WHAT THIS TASK INVOLVES: Word for word, restate each entry in the listing below.

+++

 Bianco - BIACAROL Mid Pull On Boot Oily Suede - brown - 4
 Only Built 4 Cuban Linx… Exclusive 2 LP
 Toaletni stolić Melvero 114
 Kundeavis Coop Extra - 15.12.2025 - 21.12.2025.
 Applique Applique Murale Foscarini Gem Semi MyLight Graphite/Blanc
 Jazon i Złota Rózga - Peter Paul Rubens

+++

ANSWER FOR THIS EXERCISE:
 Bianco - BIACAROL Mid Pull On Boot Oily Suede - brown - 4
 Only Built 4 Cuban Linx… Exclusive 2 LP
 Toaletni stolić Melvero 114
 Kundeavis Coop Extra - 15.12.2025 - 21.12.2025.
 Applique Applique Murale Foscarini Gem Semi MyLight Graphite/Blanc
 Jazon i Złota Rózga - Peter Paul Rubens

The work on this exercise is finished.